Almonty Aktie: 498 Prozent Umsatzplus im zweiten Quartal
Almonty sichert sich Kapital von 246,79 Mio. US-Dollar, während Großanleger ihre Positionen massiv ausbauen und der Umsatz im Q2 um 498% steigt.

Kurz zusammengefasst
- Kapitalerhöhung von 246,79 Mio. US-Dollar
- BlackRock und T. Rowe Price erhöhen Anteile
- Umsatzplus von 498% im Q2 2026
- Liefervertrag mit Plansee verlängert
Almonty Industries hat im August Schelfregistrierungen eingereicht, die die Ausgabe von Stammaktien im Gesamtwert von rund 246,79 Millionen US-Dollar ermöglichen. Ein Teil davon entfällt auf ein Mitarbeiterbeteiligungsprogramm. Die Maßnahme gibt dem Wolframproduzenten finanziellen Spielraum, kommt aber zu einem Zeitpunkt, an dem sich die Aktionärsstruktur des Unternehmens bereits spürbar verschoben hat.
Institutionelle Anleger bauen Positionen radikal um
Im zweiten Quartal 2026 griffen mehrere Schwergewichte des passiven und aktiven Fondsmanagements bei Almonty zu. BlackRock stockte um gut sechs Millionen Aktien auf, was einem geschätzten Investitionsvolumen von rund 100,6 Millionen Dollar entspricht.
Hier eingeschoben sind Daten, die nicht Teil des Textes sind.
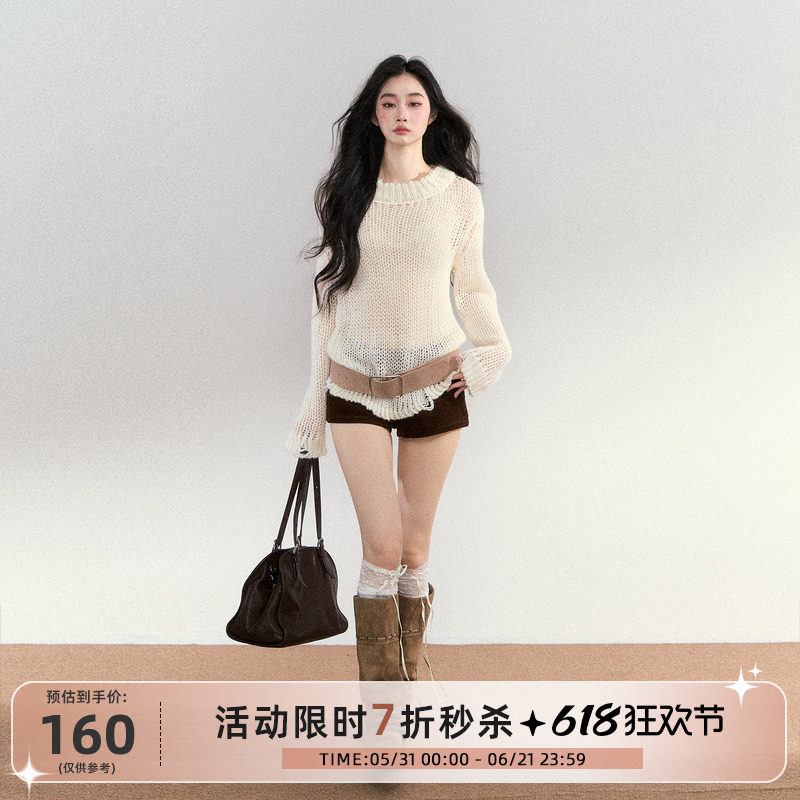 RedBling 原创设计法式圆领白色套头慵懒风镂空长袖针织罩衫毛衣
T. Rowe Price Associates und die zugehörige Investment-Management-Einheit legten zusammengenommen mehr als zehn Millionen Aktien für zusammen rund 178 Millionen Dollar nach.
Auf der Gegenseite zogen sich andere Investoren vollständig oder größtenteils zurück. Cooper Creek Partners und Encompass Capital Advisors bauten ihre Bestände komplett ab, Goldman Sachs Group reduzierte seine Position um mehr als vier Fünftel.
Ein solcher Wechsel von kurzfristig orientierten Adressen hin zu langfristig ausgerichteten Vermögensverwaltern gilt gemeinhin als Signal wachsenden institutionellen Vertrauens in die operative Entwicklung eines Unternehmens.
Fundament liefert die operative Wende
Der Hintergrund dieser Umschichtungen liegt in den Zahlen, die Almonty Anfang August vorlegte. Der Umsatz stieg im zweiten Quartal 2026 um 498 Prozent gegenüber dem Vorjahreszeitraum auf 43,0 Millionen kanadische Dollar.
Unter dem Strich stand ein Nettogewinn von 181,8 Millionen kanadischen Dollar, nach einem Verlust von 58,2 Millionen kanadischen Dollar im Vorjahresquartal. Treiber war vor allem die Preisentwicklung am Wolframmarkt: Der durchschnittliche europäische APT-Preis kletterte auf rund 3.075 US-Dollar je MTU, gegenüber 453 US-Dollar je MTU ein Jahr zuvor.
Parallel dazu erweiterte Almonty im Juli seinen langjährigen Liefervertrag mit Global Tungsten & Powders, einem Unternehmen der österreichischen Plansee-Gruppe. Die Vertragslaufzeit für Wolframkonzentrat aus der Phase I der Sangdong-Mine wurde von 15 auf 21 Jahre verlängert, das kontrahierte Volumen um 40 Prozent auf 4,41 Millionen MTU erhöht.
Die verbesserten Konditionen sollen die erwarteten jährlichen Vertragserlöse um mindestens 30 Millionen US-Dollar steigern, auf insgesamt 490 Millionen US-Dollar über die gesamte Laufzeit bei aktuellen Preisen.
Kapitalpolster und Ausblick
Die Barmittel des Unternehmens wuchsen zum 30. Juni 2026 auf rund 1,23 Milliarden kanadische Dollar, verglichen mit 268,4 Millionen kanadischen Dollar zum Jahresende 2025. Diese Liquidität speist sich unter anderem aus einer im Juni platzierten Wandelanleihe über 800 Millionen US-Dollar.
Vor diesem Hintergrund wirkt die neue Schelfregistrierung weniger wie ein Zeichen finanzieller Not, sondern eher wie ein vorsorglicher Baukasten für künftige Kapitalmaßnahmen – etwa im Zuge des laufenden Übergangs von Sangdong in den kommerziellen Bergbaubetrieb.
Für Anleger bleibt die zentrale Frage, ob die institutionelle Neuausrichtung von kurzfristigen zu langfristig orientierten Investoren anhält. Angesichts der operativen Fortschritte und der gestiegenen Vertragswerte mit Plansee dürfte das Interesse großer Vermögensverwalter an Almonty vorerst bestehen bleiben.